>>>
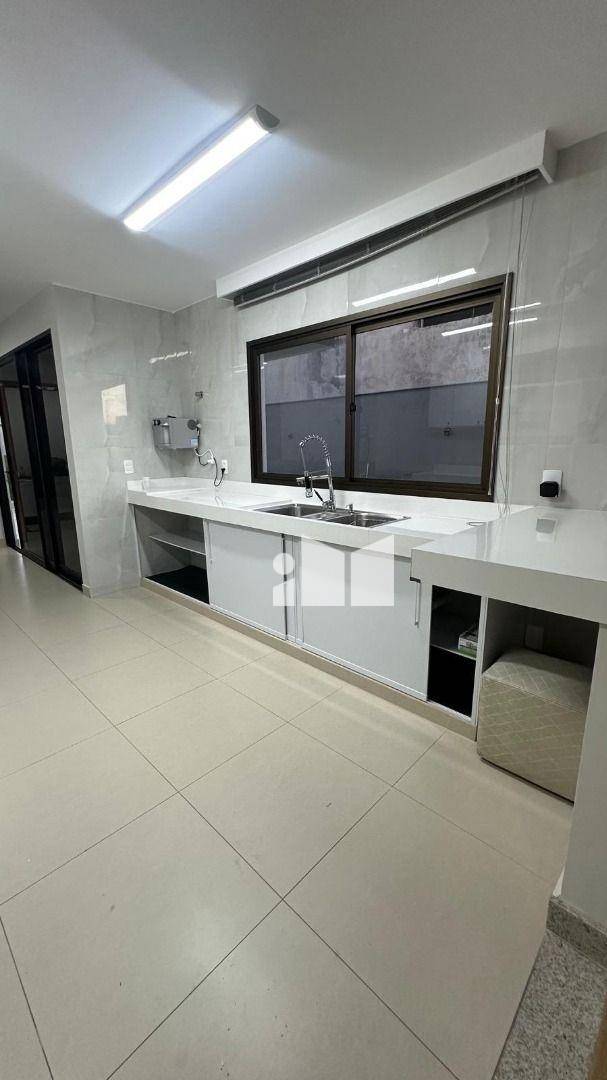 Casa, 4 quartos, 300 m² - Foto 9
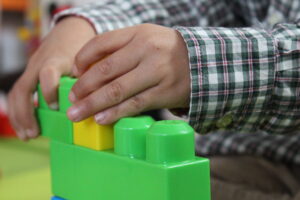 Fotografía de un niño con un juego de construcciones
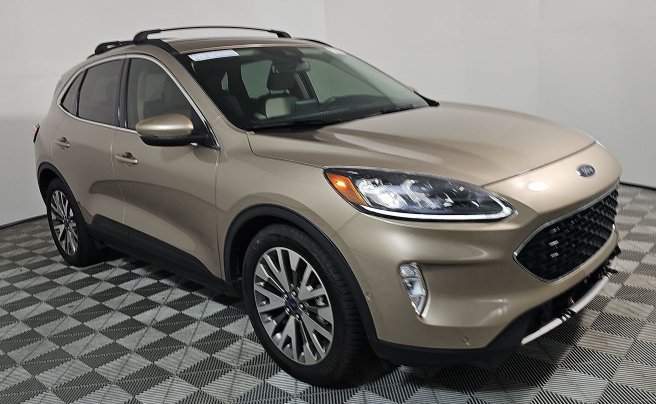 Used 2020 Ford Escape Titanium FWD image 4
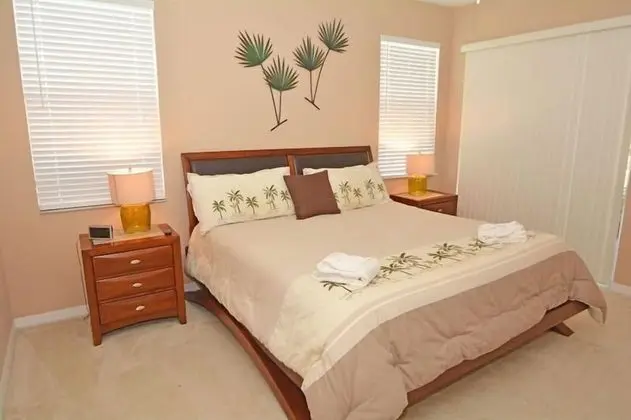 3 Bed 2 Bath Pool Home In Highlands Reserve - Oda
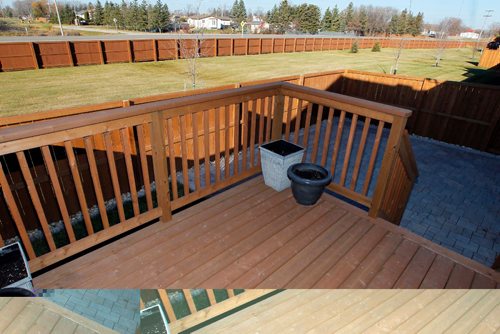 BORIS MINKEVICH / WINNIPEG FREE PRESS
RESALE HOMES - 6 Prairieview Cove in Dugald, Manitoba. The realtor is Anders Frederiksen. Nice deck off the back sliding doors. Nov 7, 2016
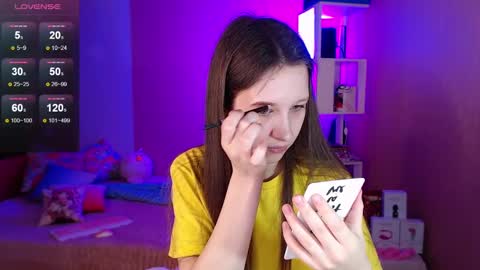 Snapshot of ur_kitty__ chatting on 12-16-24, 01:43 Lera online show from 12-16-24, 01:43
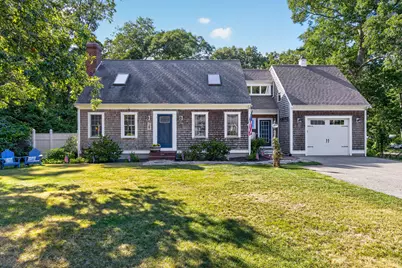 11 Burbank Street, Sandwich, MA 02563 - Photo 1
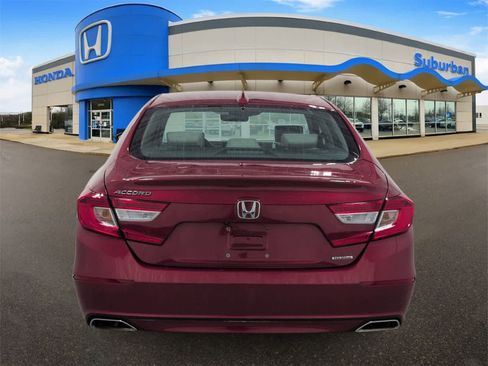 Used 2018 Honda Accord Touring image 7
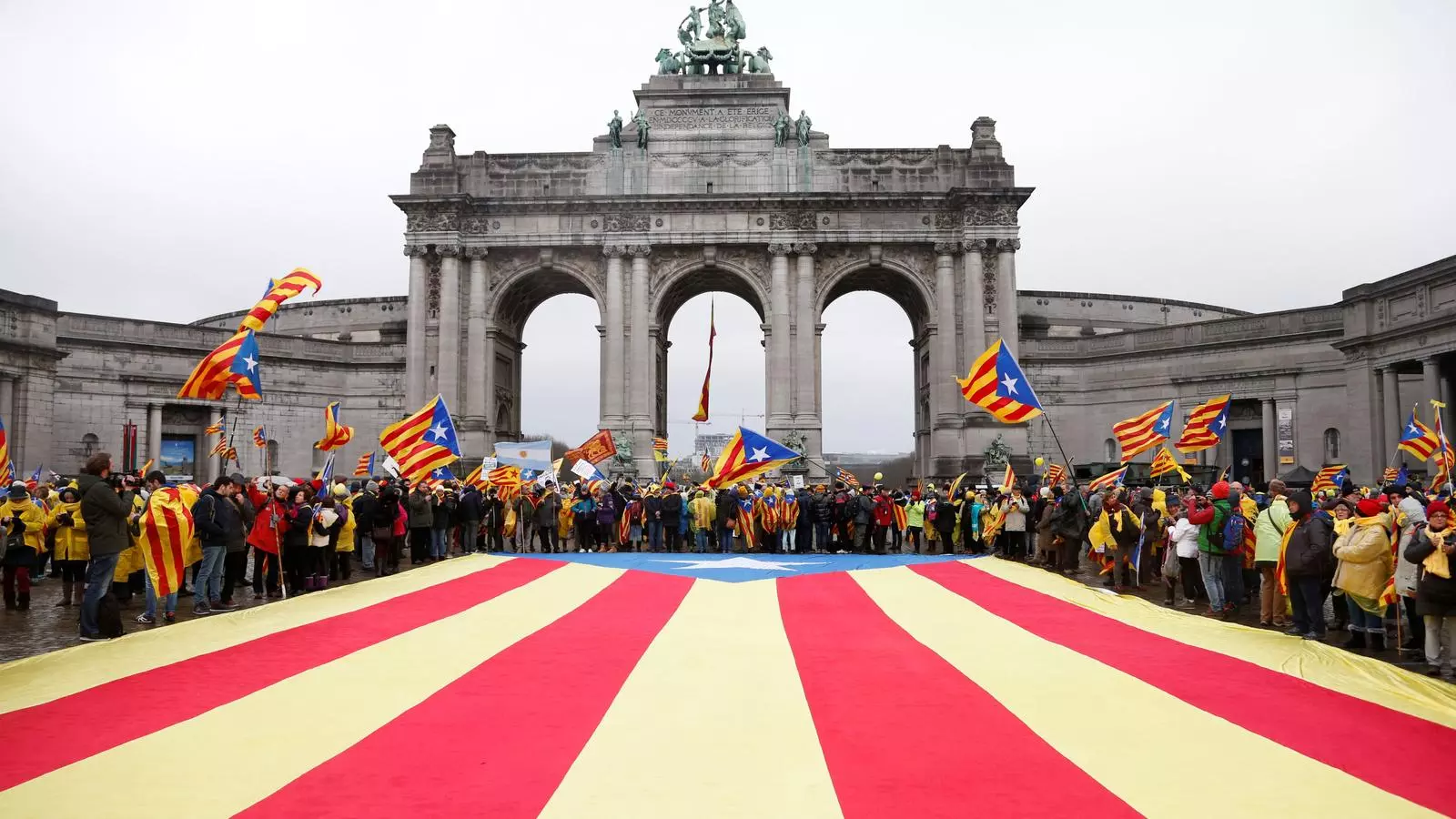 L'arc del triomf del Parc del Cinquantenari ple de catalans i amb una estelada gegant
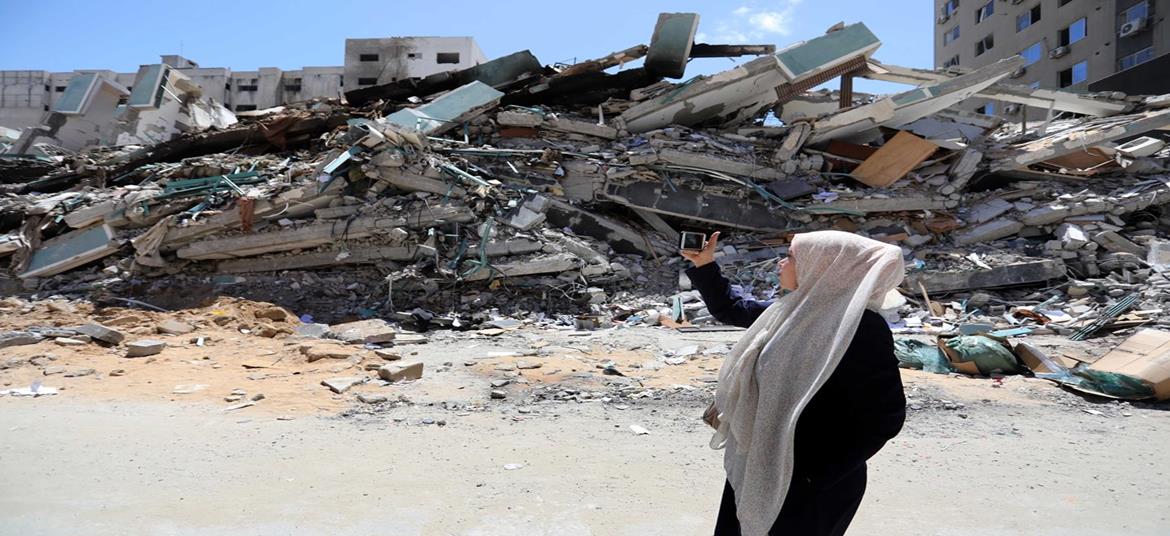 HRW accuses Israel of striking and killing civilians in Gaza with no evidence of military targets = a war crime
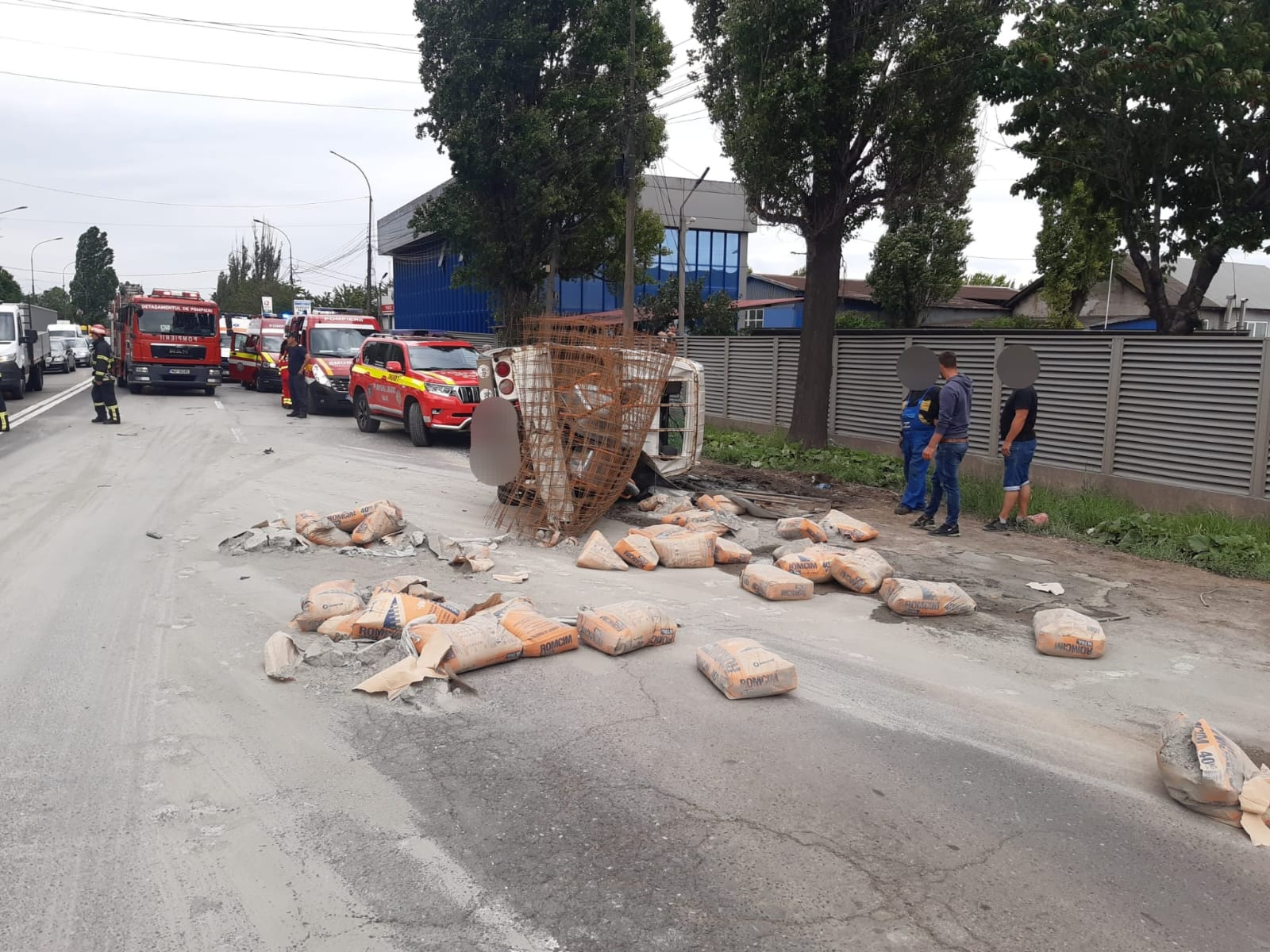 Camionetă cu ”prăfoase”, răsturnată la ieșirea din oraș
<<<
From the line with "11 Burbank Street, Sandwich, MA" through the end of the listing, write out every line exactly, leaving out the pictures.

 11 Burbank Street, Sandwich, MA 02563 - Photo 1
 Used 2018 Honda Accord Touring image 7
 L'arc del triomf del Parc del Cinquantenari ple de catalans i amb una estelada gegant
 HRW accuses Israel of striking and killing civilians in Gaza with no evidence of military targets = a war crime
 Camionetă cu ”prăfoase”, răsturnată la ieșirea din oraș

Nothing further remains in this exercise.